Latinoamérica seguirá siendo el hilo conductor de esta hoja de ruta. Al mismo tiempo, las operaciones internacionales, en particular en mercados como Europa y Estados Unidos , deberían cobrar mayor relevancia en la estrategia de la gestora de activos, que cotiza en el Nasdaq y está valorada en 2.200 millones de dólares.

"Diría que entre un tercio y la mitad de esta expansión debería provenir de este proyecto internacional", afirma. "Cada semana, si no cada día, algún importante gestor de activos anuncia una nueva transacción. Y queremos formar parte de esa historia, con raíces latinas, pero siendo uno de los principales actores globales".

Sin embargo, no todo ha sido color de rosa. A finales de enero, las acciones de Patria se desplomaron después de que SnowCap Research, una firma británica de análisis de posiciones cortas , publicara un extenso informe explicando por qué había establecido una posición corta en las acciones de la gestora de activos.

Entre otros puntos, el informe indica que Patria está inflando las valoraciones de las inversiones en su cartera y retrasando el reconocimiento de pérdidas sustanciales en sus balances. Esto también pone en duda la liquidez de la gestora de activos.

“Somos una empresa que cotiza en bolsa. Divulgamos nuestros resultados detalladamente y estamos sujetos al escrutinio de la SEC, nuestros accionistas e inversores”, afirma Sorrentino. “Y el nivel de diligencia debida que experimentamos con un inversor que va a invertir 100, 200 o 300 millones de dólares durante 10 o 15 años antes de tomar una decisión es brutal”.

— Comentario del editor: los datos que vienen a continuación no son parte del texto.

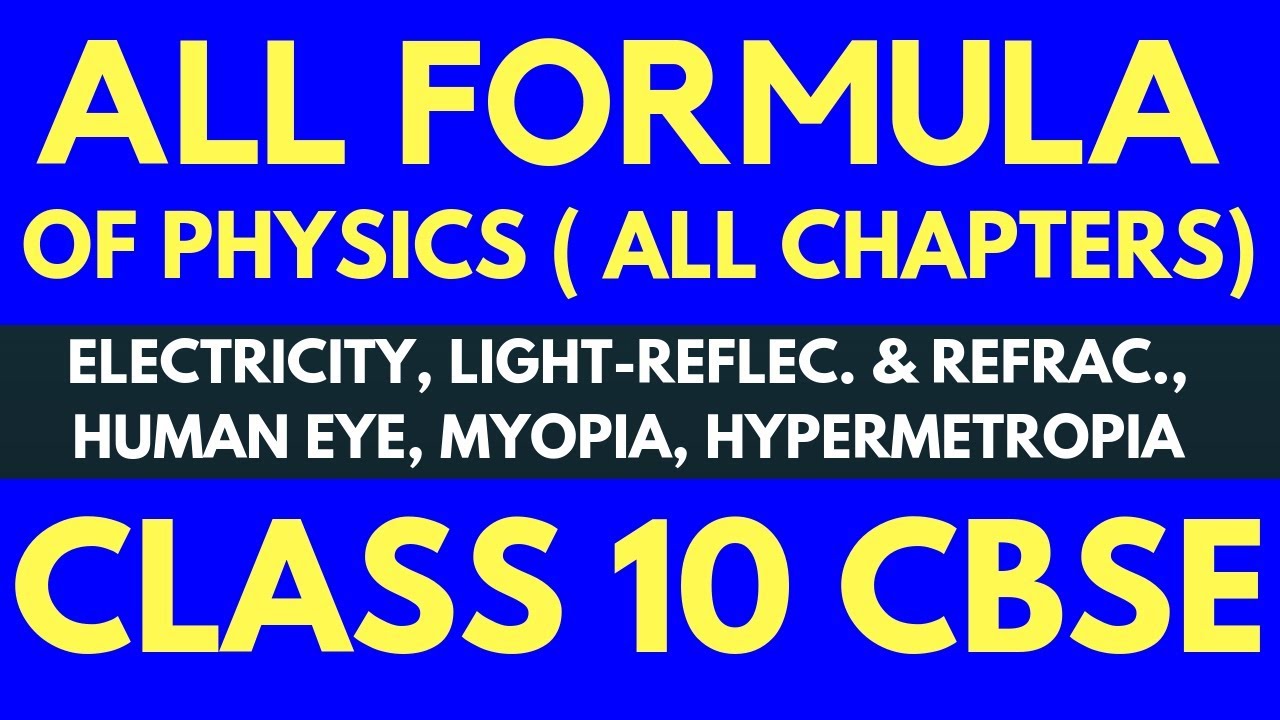 Physical Science Formula Chart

Concluye: «Lo que tenemos es nuestro resultado y nuestro mensaje, nuestra visión, lo que creemos y lo que estamos construyendo. Y, en ese sentido, puedo afirmar que estamos muy satisfechos con lo que informamos la semana pasada».

En la entrevista, Sorrentino ofrece más detalles sobre los planes de la firma y también aborda temas como el flujo global cambiante de asignación de recursos de los inversores. No te la pierdas:

Patria publicó su informe financiero de 2025 la semana pasada. ¿Qué revelan las cifras sobre la situación actual y, sobre todo, las perspectivas de la operación?
Sin duda, 2025 fue el mejor año en la historia de Patria. Tuvimos logros en todas las áreas de negocio, pero dos puntos sobresalieron por completo. El primero fue la recaudación récord de US$7.700 millones. Para que se hagan una idea de la magnitud, eso representa aproximadamente el 15% de lo que ya tenemos y más del 40% de lo que recaudamos el año anterior. Es una señal muy clara de que vamos por buen camino. Y estimamos que este volumen sumará aproximadamente entre US$45 y US$50 millones a los ingresos en los próximos años.

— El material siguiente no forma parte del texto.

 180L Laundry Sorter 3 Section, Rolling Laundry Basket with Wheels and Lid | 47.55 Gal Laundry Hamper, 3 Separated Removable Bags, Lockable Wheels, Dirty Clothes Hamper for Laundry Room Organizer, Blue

¿Y el segundo punto destacado?
Alcanzamos un hito importante: 50 000 millones de dólares en activos bajo gestión. De hecho, ya hemos superado los 54 000 millones de dólares.

Tras alcanzar este hito, ¿qué sigue? ¿Cuál es el objetivo de este nuevo ciclo?
Este ciclo es una continuación de la estrategia de una gestora local con alcance global. La ambición actual es alcanzar los 70 000 millones de dólares en activos bajo gestión para 2027, una meta muy alcanzable. Y ser una de las 30 gestoras de activos más grandes del mundo.

La ambición ahora es alcanzar los 70.000 millones de dólares en activos bajo gestión para 2027, lo que parece una meta muy alcanzable. Y ser uno de los 30 gestores de activos más grandes del mundo.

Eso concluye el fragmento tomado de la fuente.